Wed Dec 10 18:00:00 2014

mstpan 8 - Async

Now have problems two you

Don't

Really. The easiest way to deal with async is to avoid needing to do async. For a server, often preforking is quite sufficient even if you're I/O bound, since OS context switches aren't that slow. For batch process type things, multiple workers tends to be pretty effective.

A key thing to remember here is that even if you do absolutely need async, life can often be rendered simpler by isolating the async parts in its own process, and doing everything else synchronously.

threads.pm

This is the win32 fork emulation code exposed to perl space. Using it for threading works about as well as you might expect.

Shared variables are hilariously horrible, thread spawns make cold JVM startup times look good, and you still have all the problems inherent in threading as well.

The majority of the community has been very conscious of this for quite some time, and Rocco Caputo got a patch into 5.20 pointing out that it's officially discouraged (why did none of us think to do that sooner? I have no idea, I'm just glad somebody eventually had the sense to).

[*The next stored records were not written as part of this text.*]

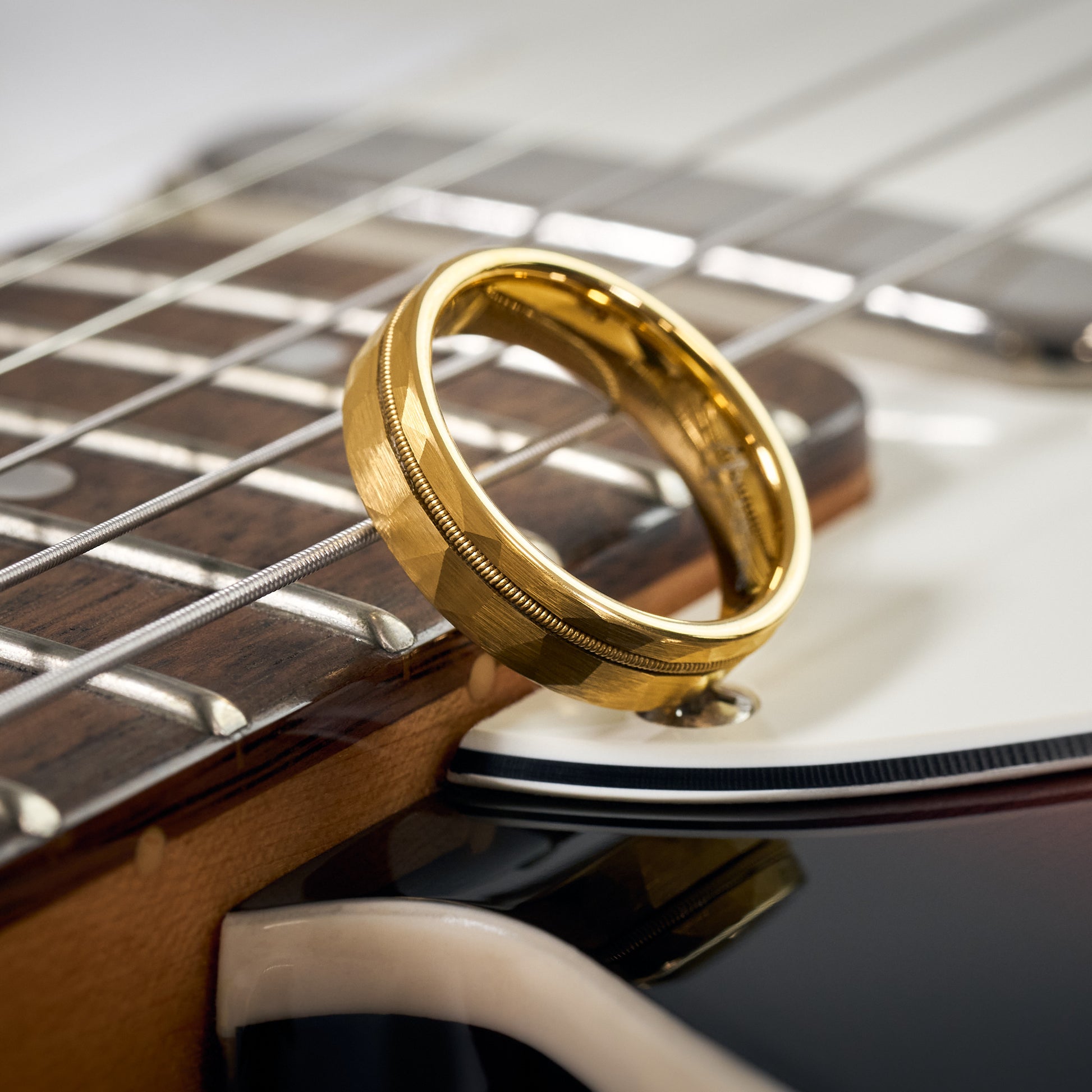 Echte Gitarrensaite in Ring Gold von Fablano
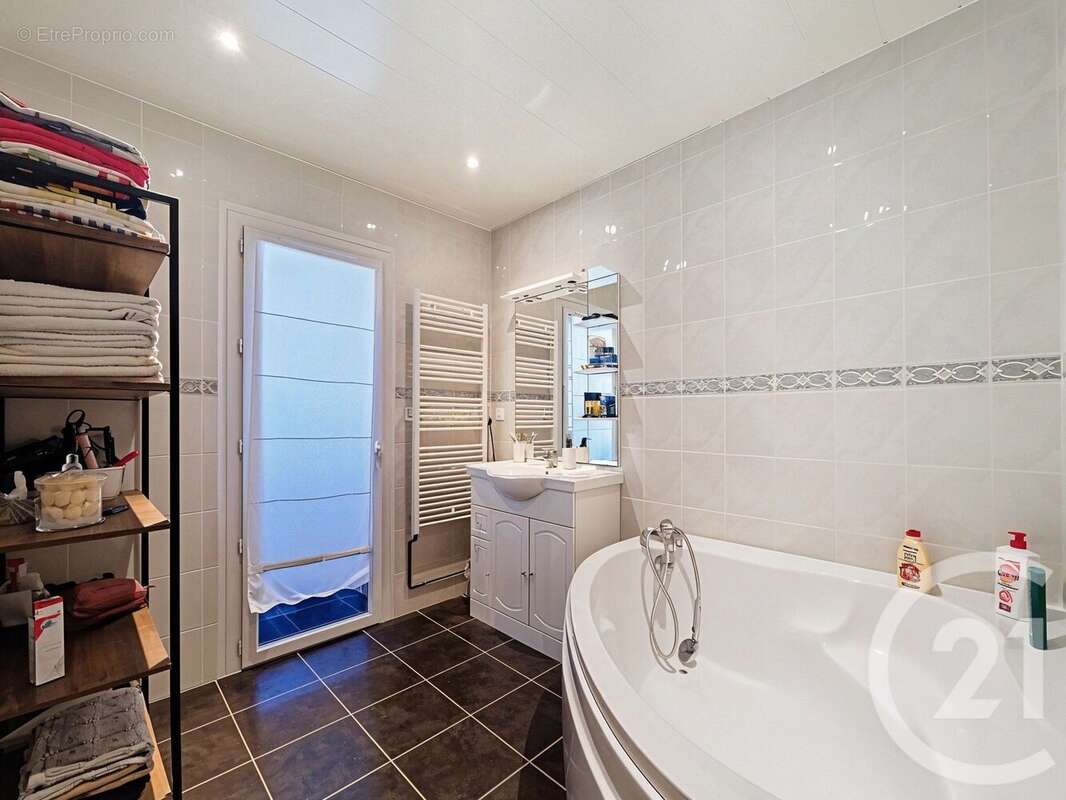 Appartement à FEYZIN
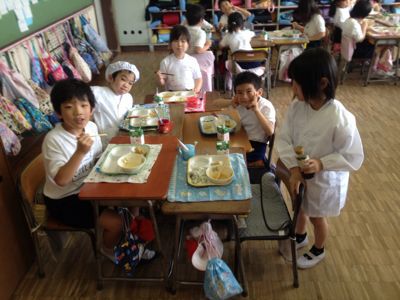 2年生、給食_b0211757_12324134.jpg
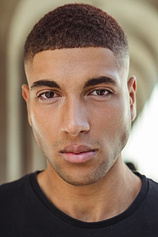 picture of actor Alex Tamaro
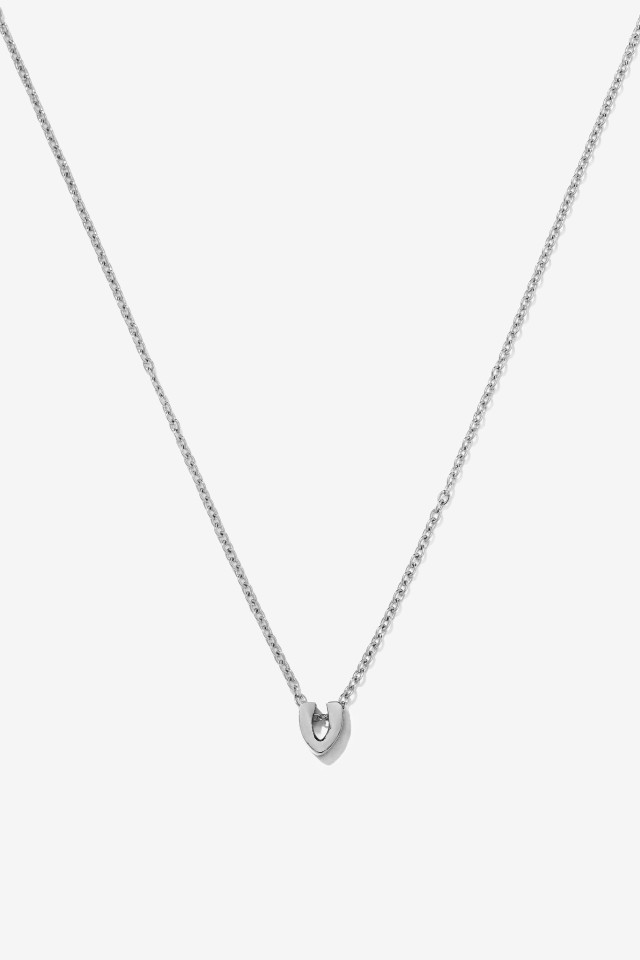 Collar con inicial de acero inoxidable
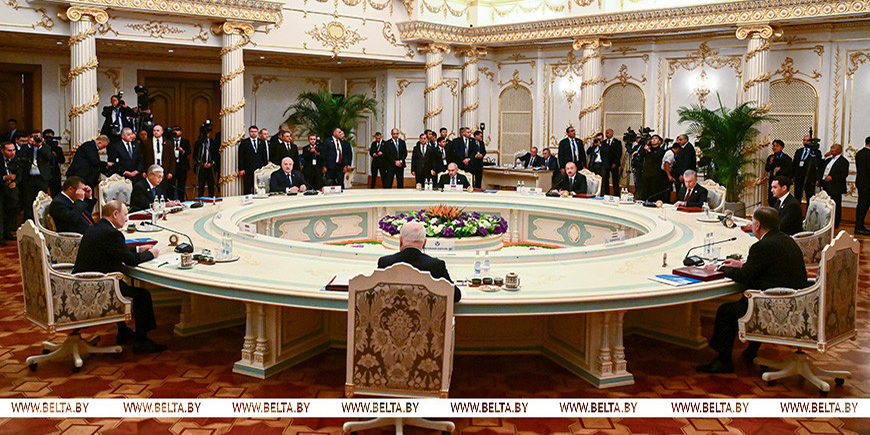 Лукашенко на саммите СНГ обозначил стратегические направления в деятельности Содружества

So, yeah, just don't. If you really want the API style, look at forks.pm which recreates the interface but using processes, and in fact often performs better than threads.pm.

POE

Originally intended to be an object remoting system, POE evolved into a very solid generic async system with a kinda weird API. It's been around for a long time, it's rock solid, and there's a huge ecosystem, but it seems to be relatively tricky for people to get their heads around when they first encounter it (even more so than async in general).

If you have code already using it, don't be afraid. You can always write newer parts with IO::Async if you like that better, since the two systems co-operate fine, and the maintainers consider that important to preserve.

MooseX::POE

A wrapper around the POE session system that lets you write them as Moose objects. Very nice for adding to an existing POE setup and avoiding a lot of the details, without making the system overly diverse in terms of the logic involved.

Reflex

A full Moose-based async system built by the author of POE, that runs atop POE. Lots of interesting ideas, but a bit too much runtime meta cleverness for my personal tastes. I'd strongly recommend this as something to steal structural ideas from, but would be reticent to use it directly.

AnyEvent

Originally intended to be the DBI of async, it sadly suffered massive mission creep and is now a sort-of-an-async-framework except with much lower level tools, which tends to leave it in a worst-of-both-worlds situation (e.g. the CondVar system is basically Future but without any of the useful features).

It has a huge ecosystem, and it will quite possibly be rational to use it, but it tends to be relatively inelegant and you'll likely find yourself building half a framework of your own on top of it.

For added bonus fun, the maintainer refuses to collaborate with the authors of other systems, preferring instead to add hard-coded die() statements to stop you using modules he doesn't like.

This is basically the same person/problem as JSON::XS except that there's no fork. Oh well.

IO::Async

IO::Async + Future is, frankly, the first async system that I don't find horrifically unpleasant to debug. Ok, it's still a trifle confusing, because async, but still.

It's a solid system, with a moderate sized and slowly increasing ecosystem, and does its best to play nice with everything else (the author has been known to play jenga with event systems to see how many he can have running atop each other :).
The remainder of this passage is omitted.